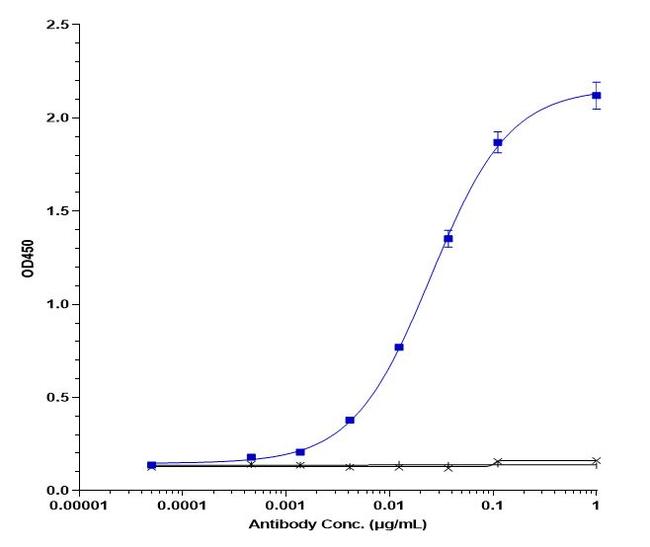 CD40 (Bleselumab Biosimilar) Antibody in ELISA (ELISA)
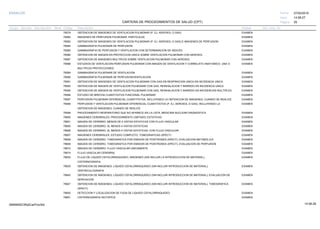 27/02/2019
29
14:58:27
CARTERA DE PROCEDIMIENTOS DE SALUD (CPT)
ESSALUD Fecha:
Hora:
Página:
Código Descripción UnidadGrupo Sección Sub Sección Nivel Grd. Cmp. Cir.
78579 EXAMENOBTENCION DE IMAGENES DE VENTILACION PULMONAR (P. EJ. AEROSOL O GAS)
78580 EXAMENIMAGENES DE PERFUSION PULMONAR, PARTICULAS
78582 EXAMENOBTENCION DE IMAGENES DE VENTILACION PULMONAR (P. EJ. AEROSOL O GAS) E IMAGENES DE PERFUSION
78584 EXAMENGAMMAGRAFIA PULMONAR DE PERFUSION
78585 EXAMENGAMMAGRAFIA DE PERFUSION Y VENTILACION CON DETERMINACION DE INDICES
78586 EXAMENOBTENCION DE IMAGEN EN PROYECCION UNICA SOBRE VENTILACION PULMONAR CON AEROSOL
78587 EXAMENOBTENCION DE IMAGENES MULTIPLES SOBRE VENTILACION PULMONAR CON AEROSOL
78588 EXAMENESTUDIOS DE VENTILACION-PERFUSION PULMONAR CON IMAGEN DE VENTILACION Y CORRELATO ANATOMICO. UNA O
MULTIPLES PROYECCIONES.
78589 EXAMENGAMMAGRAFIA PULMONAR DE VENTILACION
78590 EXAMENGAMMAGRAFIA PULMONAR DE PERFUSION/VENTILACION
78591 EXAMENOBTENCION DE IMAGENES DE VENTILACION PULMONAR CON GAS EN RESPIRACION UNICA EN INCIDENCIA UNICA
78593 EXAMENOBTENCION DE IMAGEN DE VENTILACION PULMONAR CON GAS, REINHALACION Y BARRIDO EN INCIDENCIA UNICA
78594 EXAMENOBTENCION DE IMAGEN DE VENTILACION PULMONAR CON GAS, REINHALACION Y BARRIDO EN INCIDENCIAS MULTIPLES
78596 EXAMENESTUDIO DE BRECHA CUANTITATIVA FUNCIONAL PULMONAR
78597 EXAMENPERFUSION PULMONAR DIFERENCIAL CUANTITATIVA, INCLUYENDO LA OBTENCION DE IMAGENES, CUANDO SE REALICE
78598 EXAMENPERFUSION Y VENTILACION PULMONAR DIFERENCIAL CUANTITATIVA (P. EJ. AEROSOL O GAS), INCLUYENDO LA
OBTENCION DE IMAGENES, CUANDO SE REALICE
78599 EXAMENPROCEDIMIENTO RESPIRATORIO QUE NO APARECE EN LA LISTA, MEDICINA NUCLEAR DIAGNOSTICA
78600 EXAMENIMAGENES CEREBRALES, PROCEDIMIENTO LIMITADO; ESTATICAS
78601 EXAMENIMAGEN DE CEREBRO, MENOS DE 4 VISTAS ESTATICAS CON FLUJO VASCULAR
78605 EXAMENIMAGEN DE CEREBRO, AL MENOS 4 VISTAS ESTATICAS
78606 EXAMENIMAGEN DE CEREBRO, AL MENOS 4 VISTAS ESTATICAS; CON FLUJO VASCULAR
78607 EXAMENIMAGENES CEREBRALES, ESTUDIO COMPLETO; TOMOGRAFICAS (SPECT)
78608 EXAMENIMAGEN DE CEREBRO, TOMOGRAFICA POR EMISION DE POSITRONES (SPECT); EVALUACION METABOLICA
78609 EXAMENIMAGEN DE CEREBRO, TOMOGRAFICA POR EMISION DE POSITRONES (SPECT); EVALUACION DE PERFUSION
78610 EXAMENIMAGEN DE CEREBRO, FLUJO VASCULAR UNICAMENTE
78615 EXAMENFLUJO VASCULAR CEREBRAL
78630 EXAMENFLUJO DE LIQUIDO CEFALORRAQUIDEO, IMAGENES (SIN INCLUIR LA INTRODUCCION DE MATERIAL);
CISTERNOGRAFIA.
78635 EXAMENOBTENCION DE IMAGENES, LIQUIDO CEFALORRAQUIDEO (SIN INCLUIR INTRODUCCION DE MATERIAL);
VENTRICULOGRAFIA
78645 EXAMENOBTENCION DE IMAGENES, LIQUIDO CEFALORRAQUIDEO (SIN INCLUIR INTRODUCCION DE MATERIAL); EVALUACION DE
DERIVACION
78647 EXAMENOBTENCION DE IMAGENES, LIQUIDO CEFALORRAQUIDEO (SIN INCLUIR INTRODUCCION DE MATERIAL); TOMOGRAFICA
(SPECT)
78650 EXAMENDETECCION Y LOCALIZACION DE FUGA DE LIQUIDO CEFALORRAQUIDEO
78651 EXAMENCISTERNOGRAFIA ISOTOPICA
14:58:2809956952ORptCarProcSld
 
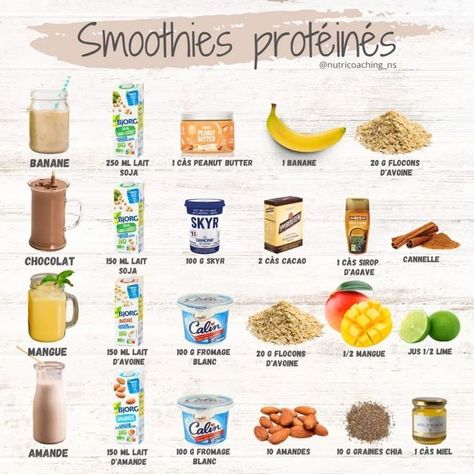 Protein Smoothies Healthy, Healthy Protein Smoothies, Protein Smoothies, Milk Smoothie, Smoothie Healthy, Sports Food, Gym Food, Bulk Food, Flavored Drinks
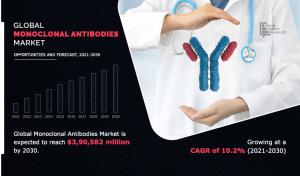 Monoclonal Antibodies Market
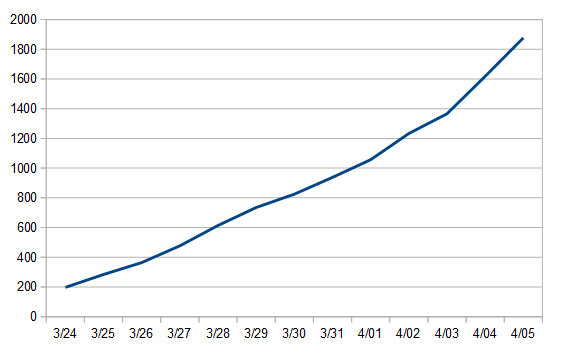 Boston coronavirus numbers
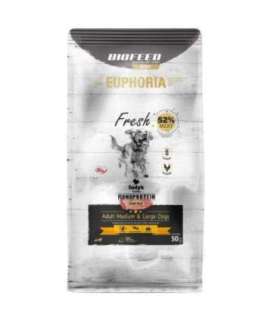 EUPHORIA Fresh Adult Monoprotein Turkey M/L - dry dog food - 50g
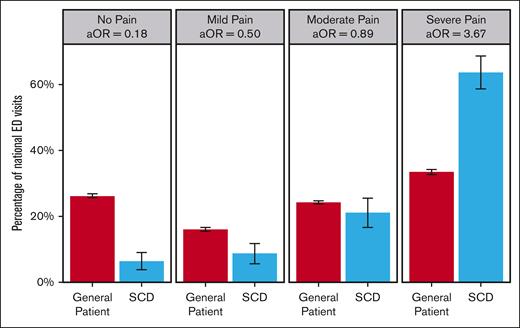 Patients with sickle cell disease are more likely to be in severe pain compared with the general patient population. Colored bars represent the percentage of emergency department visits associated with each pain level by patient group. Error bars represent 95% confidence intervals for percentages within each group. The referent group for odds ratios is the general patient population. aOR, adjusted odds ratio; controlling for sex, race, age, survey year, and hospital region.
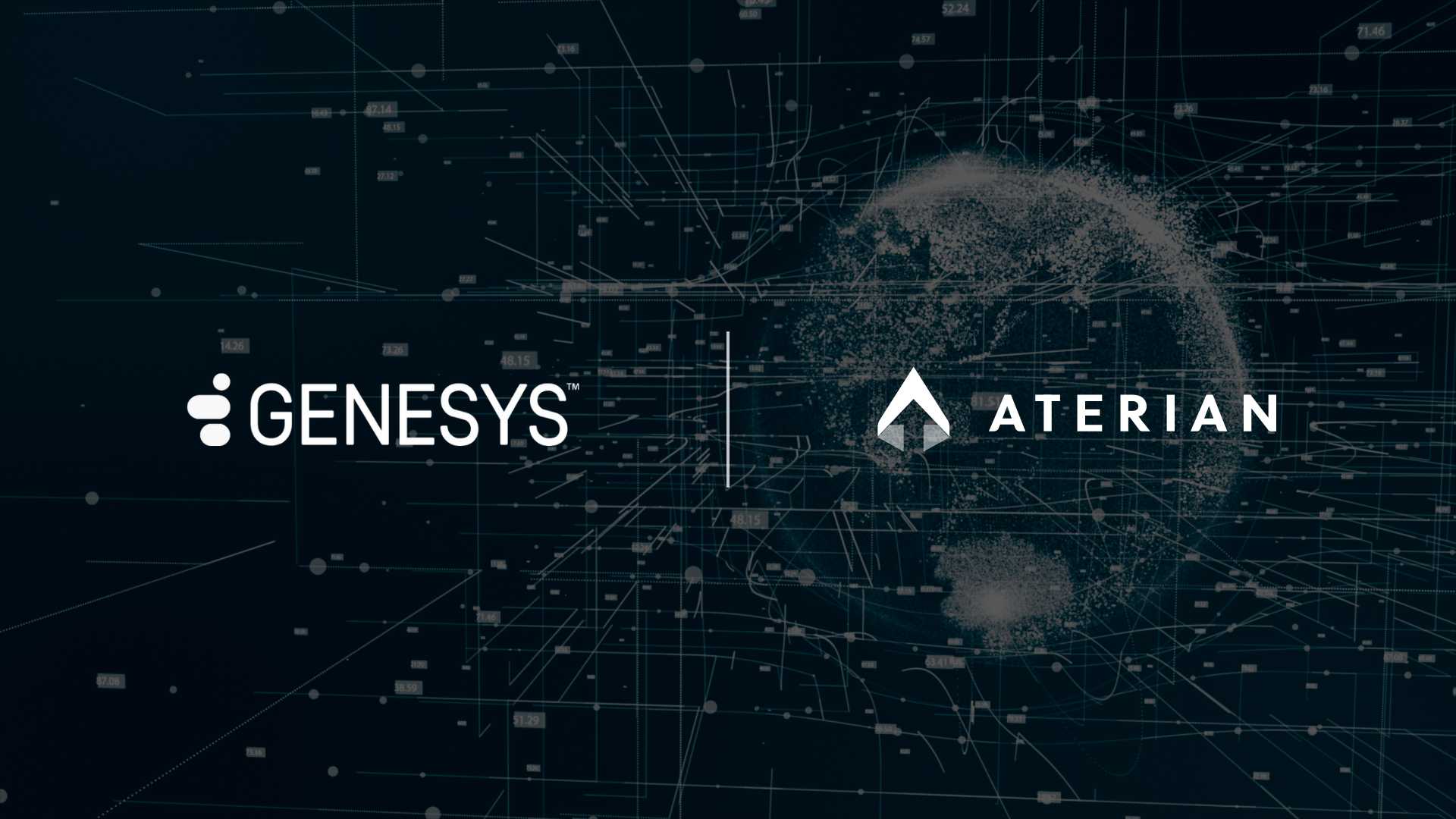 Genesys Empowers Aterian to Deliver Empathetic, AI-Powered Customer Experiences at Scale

********

§ **What you should do**: A faithful copy of the data is required: each word kept, each picture omitted.

§ **Answer to the exercise**:
 CD40 (Bleselumab Biosimilar) Antibody in ELISA (ELISA)
 27/02/2019
29
14:58:27
CARTERA DE PROCEDIMIENTOS DE SALUD (CPT)
ESSALUD Fecha:
Hora:
Página:
Código Descripción UnidadGrupo Sección Sub Sección Nivel Grd. Cmp. Cir.
78579 EXAMENOBTENCION DE IMAGENES DE VENTILACION PULMONAR (P. EJ. AEROSOL O GAS)
78580 EXAMENIMAGENES DE PERFUSION PULMONAR, PARTICULAS
78582 EXAMENOBTENCION DE IMAGENES DE VENTILACION PULMONAR (P. EJ. AEROSOL O GAS) E IMAGENES DE PERFUSION
78584 EXAMENGAMMAGRAFIA PULMONAR DE PERFUSION
78585 EXAMENGAMMAGRAFIA DE PERFUSION Y VENTILACION CON DETERMINACION DE INDICES
78586 EXAMENOBTENCION DE IMAGEN EN PROYECCION UNICA SOBRE VENTILACION PULMONAR CON AEROSOL
78587 EXAMENOBTENCION DE IMAGENES MULTIPLES SOBRE VENTILACION PULMONAR CON AEROSOL
78588 EXAMENESTUDIOS DE VENTILACION-PERFUSION PULMONAR CON IMAGEN DE VENTILACION Y CORRELATO ANATOMICO. UNA O
MULTIPLES PROYECCIONES.
78589 EXAMENGAMMAGRAFIA PULMONAR DE VENTILACION
78590 EXAMENGAMMAGRAFIA PULMONAR DE PERFUSION/VENTILACION
78591 EXAMENOBTENCION DE IMAGENES DE VENTILACION PULMONAR CON GAS EN RESPIRACION UNICA EN INCIDENCIA UNICA
78593 EXAMENOBTENCION DE IMAGEN DE VENTILACION PULMONAR CON GAS, REINHALACION Y BARRIDO EN INCIDENCIA UNICA
78594 EXAMENOBTENCION DE IMAGEN DE VENTILACION PULMONAR CON GAS, REINHALACION Y BARRIDO EN INCIDENCIAS MULTIPLES
78596 EXAMENESTUDIO DE BRECHA CUANTITATIVA FUNCIONAL PULMONAR
78597 EXAMENPERFUSION PULMONAR DIFERENCIAL CUANTITATIVA, INCLUYENDO LA OBTENCION DE IMAGENES, CUANDO SE REALICE
78598 EXAMENPERFUSION Y VENTILACION PULMONAR DIFERENCIAL CUANTITATIVA (P. EJ. AEROSOL O GAS), INCLUYENDO LA
OBTENCION DE IMAGENES, CUANDO SE REALICE
78599 EXAMENPROCEDIMIENTO RESPIRATORIO QUE NO APARECE EN LA LISTA, MEDICINA NUCLEAR DIAGNOSTICA
78600 EXAMENIMAGENES CEREBRALES, PROCEDIMIENTO LIMITADO; ESTATICAS
78601 EXAMENIMAGEN DE CEREBRO, MENOS DE 4 VISTAS ESTATICAS CON FLUJO VASCULAR
78605 EXAMENIMAGEN DE CEREBRO, AL MENOS 4 VISTAS ESTATICAS
78606 EXAMENIMAGEN DE CEREBRO, AL MENOS 4 VISTAS ESTATICAS; CON FLUJO VASCULAR
78607 EXAMENIMAGENES CEREBRALES, ESTUDIO COMPLETO; TOMOGRAFICAS (SPECT)
78608 EXAMENIMAGEN DE CEREBRO, TOMOGRAFICA POR EMISION DE POSITRONES (SPECT); EVALUACION METABOLICA
78609 EXAMENIMAGEN DE CEREBRO, TOMOGRAFICA POR EMISION DE POSITRONES (SPECT); EVALUACION DE PERFUSION
78610 EXAMENIMAGEN DE CEREBRO, FLUJO VASCULAR UNICAMENTE
78615 EXAMENFLUJO VASCULAR CEREBRAL
78630 EXAMENFLUJO DE LIQUIDO CEFALORRAQUIDEO, IMAGENES (SIN INCLUIR LA INTRODUCCION DE MATERIAL);
CISTERNOGRAFIA.
78635 EXAMENOBTENCION DE IMAGENES, LIQUIDO CEFALORRAQUIDEO (SIN INCLUIR INTRODUCCION DE MATERIAL);
VENTRICULOGRAFIA
78645 EXAMENOBTENCION DE IMAGENES, LIQUIDO CEFALORRAQUIDEO (SIN INCLUIR INTRODUCCION DE MATERIAL); EVALUACION DE
DERIVACION
78647 EXAMENOBTENCION DE IMAGENES, LIQUIDO CEFALORRAQUIDEO (SIN INCLUIR INTRODUCCION DE MATERIAL); TOMOGRAFICA
(SPECT)
78650 EXAMENDETECCION Y LOCALIZACION DE FUGA DE LIQUIDO CEFALORRAQUIDEO
78651 EXAMENCISTERNOGRAFIA ISOTOPICA
14:58:2809956952ORptCarProcSld
 
 Protein Smoothies Healthy, Healthy Protein Smoothies, Protein Smoothies, Milk Smoothie, Smoothie Healthy, Sports Food, Gym Food, Bulk Food, Flavored Drinks
 Monoclonal Antibodies Market
 Boston coronavirus numbers
 EUPHORIA Fresh Adult Monoprotein Turkey M/L - dry dog food - 50g
 Patients with sickle cell disease are more likely to be in severe pain compared with the general patient population. Colored bars represent the percentage of emergency department visits associated with each pain level by patient group. Error bars represent 95% confidence intervals for percentages within each group. The referent group for odds ratios is the general patient population. aOR, adjusted odds ratio; controlling for sex, race, age, survey year, and hospital region.
 Genesys Empowers Aterian to Deliver Empathetic, AI-Powered Customer Experiences at Scale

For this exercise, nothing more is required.